Monument en mémoire de la Bataille de Palo Hincado

La tactique de Sánchez Ramirez consista, comme consignée dans son Journal, à transformer rapidement le duel des tirs à distance en combats au corps à corps, dans lequel les dominicains étaient experts. Ils l'exécutèrent avec une telle prestance et audace qu'il y eut seulement sept morts de leur côté. Parmi ceux-ci, significativement, les chefs des deux corps de cavalerie, les capitaines Antonio Sosa et Vicente Mercedes.

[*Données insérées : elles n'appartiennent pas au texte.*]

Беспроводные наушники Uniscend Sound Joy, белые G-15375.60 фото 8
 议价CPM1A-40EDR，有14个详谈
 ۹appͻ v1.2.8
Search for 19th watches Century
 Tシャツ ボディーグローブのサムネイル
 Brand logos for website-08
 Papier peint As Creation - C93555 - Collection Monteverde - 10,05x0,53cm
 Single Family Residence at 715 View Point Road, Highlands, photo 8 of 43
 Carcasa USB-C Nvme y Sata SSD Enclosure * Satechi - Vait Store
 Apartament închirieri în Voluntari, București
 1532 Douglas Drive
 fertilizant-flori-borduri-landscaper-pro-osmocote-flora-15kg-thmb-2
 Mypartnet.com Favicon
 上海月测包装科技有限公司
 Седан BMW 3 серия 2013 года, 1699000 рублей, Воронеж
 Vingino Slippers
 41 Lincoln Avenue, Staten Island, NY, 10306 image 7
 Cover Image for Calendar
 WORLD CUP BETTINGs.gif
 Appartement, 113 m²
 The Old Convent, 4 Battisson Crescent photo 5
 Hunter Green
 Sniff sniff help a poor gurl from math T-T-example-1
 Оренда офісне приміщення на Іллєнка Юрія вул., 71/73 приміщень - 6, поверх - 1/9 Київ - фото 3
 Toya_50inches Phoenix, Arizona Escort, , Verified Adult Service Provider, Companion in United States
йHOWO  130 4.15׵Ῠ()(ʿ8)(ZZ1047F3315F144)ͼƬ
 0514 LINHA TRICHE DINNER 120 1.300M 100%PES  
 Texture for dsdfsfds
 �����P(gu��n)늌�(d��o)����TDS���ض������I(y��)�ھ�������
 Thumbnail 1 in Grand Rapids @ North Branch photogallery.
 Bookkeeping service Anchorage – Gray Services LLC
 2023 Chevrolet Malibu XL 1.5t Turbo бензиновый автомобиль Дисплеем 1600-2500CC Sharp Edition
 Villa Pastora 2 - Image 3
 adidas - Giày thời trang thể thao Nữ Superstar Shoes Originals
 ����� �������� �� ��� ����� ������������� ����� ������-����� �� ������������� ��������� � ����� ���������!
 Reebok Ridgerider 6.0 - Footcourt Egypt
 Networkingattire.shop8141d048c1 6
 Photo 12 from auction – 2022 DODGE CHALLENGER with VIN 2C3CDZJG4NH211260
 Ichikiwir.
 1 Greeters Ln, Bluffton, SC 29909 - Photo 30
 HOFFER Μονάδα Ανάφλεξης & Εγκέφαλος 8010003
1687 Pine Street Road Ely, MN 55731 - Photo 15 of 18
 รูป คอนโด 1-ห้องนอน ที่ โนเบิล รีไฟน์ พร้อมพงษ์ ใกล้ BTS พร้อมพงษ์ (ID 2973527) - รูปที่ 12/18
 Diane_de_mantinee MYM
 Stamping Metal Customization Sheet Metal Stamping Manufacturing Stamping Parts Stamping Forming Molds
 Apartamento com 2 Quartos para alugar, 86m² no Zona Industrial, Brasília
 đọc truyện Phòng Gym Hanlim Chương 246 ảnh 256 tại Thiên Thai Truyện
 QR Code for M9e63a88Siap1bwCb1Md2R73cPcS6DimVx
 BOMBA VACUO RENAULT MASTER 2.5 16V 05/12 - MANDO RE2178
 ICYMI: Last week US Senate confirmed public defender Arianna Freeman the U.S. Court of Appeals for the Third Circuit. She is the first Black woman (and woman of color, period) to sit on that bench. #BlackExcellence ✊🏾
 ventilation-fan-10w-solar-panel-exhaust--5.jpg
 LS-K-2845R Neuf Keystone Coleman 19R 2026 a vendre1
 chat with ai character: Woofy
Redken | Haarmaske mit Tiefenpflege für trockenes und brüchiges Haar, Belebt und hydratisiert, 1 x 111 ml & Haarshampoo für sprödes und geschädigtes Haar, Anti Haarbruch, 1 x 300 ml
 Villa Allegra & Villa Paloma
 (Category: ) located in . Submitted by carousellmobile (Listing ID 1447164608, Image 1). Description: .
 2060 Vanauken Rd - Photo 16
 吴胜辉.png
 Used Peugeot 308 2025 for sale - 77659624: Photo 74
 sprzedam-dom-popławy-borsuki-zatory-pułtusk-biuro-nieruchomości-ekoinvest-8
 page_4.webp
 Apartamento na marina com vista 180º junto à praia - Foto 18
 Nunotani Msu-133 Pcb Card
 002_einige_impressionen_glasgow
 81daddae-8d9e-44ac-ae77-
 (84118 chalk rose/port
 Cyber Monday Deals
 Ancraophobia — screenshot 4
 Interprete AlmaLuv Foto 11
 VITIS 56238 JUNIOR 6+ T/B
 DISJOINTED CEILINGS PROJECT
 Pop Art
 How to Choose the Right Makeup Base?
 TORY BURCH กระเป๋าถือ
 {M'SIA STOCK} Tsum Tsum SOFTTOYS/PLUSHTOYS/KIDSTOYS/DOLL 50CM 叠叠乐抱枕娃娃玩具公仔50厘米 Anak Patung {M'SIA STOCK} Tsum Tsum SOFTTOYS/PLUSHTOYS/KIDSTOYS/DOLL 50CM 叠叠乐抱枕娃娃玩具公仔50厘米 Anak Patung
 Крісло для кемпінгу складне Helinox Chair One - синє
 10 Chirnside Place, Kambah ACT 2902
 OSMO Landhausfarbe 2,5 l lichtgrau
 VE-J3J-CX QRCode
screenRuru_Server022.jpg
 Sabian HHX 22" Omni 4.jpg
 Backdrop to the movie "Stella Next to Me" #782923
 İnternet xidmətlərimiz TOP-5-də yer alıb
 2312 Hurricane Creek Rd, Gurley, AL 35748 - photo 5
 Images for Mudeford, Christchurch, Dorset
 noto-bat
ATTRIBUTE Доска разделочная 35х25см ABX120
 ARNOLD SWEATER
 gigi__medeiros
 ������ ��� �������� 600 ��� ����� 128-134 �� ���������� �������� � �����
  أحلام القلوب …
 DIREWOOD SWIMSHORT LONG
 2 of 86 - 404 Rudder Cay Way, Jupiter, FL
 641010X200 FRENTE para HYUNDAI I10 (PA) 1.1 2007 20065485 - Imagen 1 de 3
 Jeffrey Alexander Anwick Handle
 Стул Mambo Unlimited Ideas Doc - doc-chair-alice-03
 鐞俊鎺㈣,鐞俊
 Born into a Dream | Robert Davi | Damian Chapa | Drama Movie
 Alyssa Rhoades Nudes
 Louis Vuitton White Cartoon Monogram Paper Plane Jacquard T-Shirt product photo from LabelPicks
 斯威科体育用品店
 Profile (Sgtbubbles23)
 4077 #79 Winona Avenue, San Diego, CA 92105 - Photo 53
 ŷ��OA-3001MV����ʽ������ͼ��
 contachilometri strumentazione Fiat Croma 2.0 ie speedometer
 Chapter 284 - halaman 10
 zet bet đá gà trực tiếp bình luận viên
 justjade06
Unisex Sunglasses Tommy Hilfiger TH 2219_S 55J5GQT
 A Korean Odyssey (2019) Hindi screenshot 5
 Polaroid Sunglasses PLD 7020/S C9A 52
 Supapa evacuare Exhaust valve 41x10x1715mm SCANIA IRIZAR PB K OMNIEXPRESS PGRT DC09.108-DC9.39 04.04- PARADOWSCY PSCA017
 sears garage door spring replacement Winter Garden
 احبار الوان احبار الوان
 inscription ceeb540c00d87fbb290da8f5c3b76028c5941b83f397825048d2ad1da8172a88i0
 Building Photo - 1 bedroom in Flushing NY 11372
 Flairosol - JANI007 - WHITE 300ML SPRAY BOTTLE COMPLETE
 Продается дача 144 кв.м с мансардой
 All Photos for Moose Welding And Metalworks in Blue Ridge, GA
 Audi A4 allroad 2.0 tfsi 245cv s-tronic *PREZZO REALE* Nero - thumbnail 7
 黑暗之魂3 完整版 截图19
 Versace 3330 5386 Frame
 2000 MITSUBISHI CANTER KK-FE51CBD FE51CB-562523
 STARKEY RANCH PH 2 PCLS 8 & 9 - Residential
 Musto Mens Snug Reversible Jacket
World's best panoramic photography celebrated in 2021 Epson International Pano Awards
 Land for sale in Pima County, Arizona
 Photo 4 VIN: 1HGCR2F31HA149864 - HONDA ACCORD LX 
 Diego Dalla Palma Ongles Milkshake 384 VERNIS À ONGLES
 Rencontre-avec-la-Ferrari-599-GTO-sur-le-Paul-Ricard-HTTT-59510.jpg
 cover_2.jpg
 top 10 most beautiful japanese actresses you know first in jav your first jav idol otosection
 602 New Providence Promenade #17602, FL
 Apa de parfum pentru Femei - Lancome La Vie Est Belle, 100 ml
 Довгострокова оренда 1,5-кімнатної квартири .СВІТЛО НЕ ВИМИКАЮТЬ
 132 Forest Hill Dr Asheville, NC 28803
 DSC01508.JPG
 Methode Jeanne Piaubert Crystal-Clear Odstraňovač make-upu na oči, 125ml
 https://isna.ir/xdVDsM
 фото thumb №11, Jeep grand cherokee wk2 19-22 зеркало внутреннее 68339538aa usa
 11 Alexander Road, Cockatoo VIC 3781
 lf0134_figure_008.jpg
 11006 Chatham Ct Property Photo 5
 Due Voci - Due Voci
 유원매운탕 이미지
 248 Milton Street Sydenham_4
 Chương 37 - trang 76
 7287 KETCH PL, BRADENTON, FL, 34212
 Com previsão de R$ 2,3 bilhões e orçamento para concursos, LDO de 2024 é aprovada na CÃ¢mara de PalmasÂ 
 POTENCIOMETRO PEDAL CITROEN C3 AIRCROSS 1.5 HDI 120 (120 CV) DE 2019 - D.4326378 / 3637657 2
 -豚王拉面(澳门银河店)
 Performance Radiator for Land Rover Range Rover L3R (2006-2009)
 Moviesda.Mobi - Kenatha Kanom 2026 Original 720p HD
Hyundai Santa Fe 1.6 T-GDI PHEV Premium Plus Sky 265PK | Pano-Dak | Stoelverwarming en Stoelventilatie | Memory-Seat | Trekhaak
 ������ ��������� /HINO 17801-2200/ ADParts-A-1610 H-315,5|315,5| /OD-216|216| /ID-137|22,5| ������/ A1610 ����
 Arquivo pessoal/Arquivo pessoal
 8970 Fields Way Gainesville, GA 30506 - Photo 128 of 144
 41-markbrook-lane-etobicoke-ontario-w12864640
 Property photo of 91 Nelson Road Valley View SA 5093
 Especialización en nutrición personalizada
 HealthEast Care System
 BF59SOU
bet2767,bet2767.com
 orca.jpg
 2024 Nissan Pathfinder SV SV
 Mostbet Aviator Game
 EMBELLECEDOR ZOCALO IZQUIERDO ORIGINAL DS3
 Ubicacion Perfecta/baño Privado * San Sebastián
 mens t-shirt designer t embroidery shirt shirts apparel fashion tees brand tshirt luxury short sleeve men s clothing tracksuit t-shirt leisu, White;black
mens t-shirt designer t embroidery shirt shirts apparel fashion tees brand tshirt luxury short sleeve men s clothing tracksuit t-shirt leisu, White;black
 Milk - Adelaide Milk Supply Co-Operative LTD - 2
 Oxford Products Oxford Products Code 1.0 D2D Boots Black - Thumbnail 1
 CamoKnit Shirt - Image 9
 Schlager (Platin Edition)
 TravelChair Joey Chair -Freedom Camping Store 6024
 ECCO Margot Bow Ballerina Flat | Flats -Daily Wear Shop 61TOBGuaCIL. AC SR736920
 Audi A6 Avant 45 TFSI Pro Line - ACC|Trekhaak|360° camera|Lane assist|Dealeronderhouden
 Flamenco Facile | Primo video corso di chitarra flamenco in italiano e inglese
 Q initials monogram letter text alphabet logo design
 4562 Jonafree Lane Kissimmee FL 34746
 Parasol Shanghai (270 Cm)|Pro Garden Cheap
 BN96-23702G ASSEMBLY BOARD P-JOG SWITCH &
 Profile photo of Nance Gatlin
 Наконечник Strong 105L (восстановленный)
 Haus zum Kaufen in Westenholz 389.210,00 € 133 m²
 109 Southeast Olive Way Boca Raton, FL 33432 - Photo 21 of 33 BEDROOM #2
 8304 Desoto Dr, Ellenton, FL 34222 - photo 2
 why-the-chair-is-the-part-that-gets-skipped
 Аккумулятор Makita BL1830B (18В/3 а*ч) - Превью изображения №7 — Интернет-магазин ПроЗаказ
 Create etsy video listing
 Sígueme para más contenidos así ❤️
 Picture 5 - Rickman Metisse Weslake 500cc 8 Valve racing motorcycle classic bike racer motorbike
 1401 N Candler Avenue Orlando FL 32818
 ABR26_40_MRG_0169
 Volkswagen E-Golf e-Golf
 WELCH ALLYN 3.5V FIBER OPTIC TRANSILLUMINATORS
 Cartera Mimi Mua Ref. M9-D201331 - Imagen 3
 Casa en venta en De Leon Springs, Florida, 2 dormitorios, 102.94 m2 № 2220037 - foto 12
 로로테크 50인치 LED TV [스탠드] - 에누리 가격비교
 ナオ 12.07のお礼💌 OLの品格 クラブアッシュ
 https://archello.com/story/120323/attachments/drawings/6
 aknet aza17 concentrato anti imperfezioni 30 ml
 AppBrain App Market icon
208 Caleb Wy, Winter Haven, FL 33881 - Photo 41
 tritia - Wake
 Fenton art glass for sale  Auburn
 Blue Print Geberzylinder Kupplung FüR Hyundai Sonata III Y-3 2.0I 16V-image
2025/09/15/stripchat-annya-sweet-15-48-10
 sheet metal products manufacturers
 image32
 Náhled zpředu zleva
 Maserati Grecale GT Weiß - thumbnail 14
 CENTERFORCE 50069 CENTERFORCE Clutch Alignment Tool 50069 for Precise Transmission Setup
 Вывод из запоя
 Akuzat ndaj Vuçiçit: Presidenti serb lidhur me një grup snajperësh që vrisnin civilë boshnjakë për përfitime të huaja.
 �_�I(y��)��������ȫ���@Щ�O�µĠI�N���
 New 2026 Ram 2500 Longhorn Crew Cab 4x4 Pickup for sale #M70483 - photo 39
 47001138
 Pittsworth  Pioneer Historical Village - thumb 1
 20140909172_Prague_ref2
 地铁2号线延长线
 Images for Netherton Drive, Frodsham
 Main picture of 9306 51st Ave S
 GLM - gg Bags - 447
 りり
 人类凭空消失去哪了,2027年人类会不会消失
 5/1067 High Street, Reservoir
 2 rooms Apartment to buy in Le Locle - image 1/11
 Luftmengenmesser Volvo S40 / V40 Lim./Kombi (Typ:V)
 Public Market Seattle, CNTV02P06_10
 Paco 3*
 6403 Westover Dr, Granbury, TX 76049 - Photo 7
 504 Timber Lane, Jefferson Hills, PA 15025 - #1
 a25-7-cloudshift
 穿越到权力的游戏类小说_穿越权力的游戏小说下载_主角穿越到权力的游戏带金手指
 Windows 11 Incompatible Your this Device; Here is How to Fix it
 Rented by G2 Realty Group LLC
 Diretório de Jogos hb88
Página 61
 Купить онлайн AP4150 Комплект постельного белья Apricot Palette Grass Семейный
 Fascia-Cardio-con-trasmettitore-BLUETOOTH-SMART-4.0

En voyant défaits ses bataillons, le général Ferrand s'enfuit précipitamment en direction de Santo Domingo avec un groupe d'officiers survivants, poursuivis par un escadron commandé par le colonel Pedro Santana, père homonymique du futur président de la République. Les fugitifs gagnèrent du terrain et traversèrent une rivière. L'escadron arrêta là la poursuite, de peur d'être vulnérable en terrain découvert, à la merci de tireurs embusqués les attendant. Ce qui permit aux fugitifs de s'arrêter et de se reposer dans la vallée de Guaiquía. À cet endroit, Ferrand, malheureux et dominé par le découragement, se suicida d'un coup de pistolet dans la tête.

Sources

  • Delafosse, Lemonnier. Seconde Campagne de Saint Domingue (Guerre Franco-Dominicaine de 1808), 1946.
  • Guillermin, Gilbert. Journal Historique de la révolution de la partie espagnole de Saint Domingue, Imp. P.V. Lafourcade, Philadelphie, USA 1810.
  • Sánchez Ramírez, Juan. Diario de la Reconquista, Editora Montalvo, Santo Domingo (R.D.) 1957.
  • Troncoso Sánchez, Pedro. El drama de la idea nacional en Santo Domingo y su relación con Puerto Rico, Acad. de Ciencias de República Dominicana, 1977.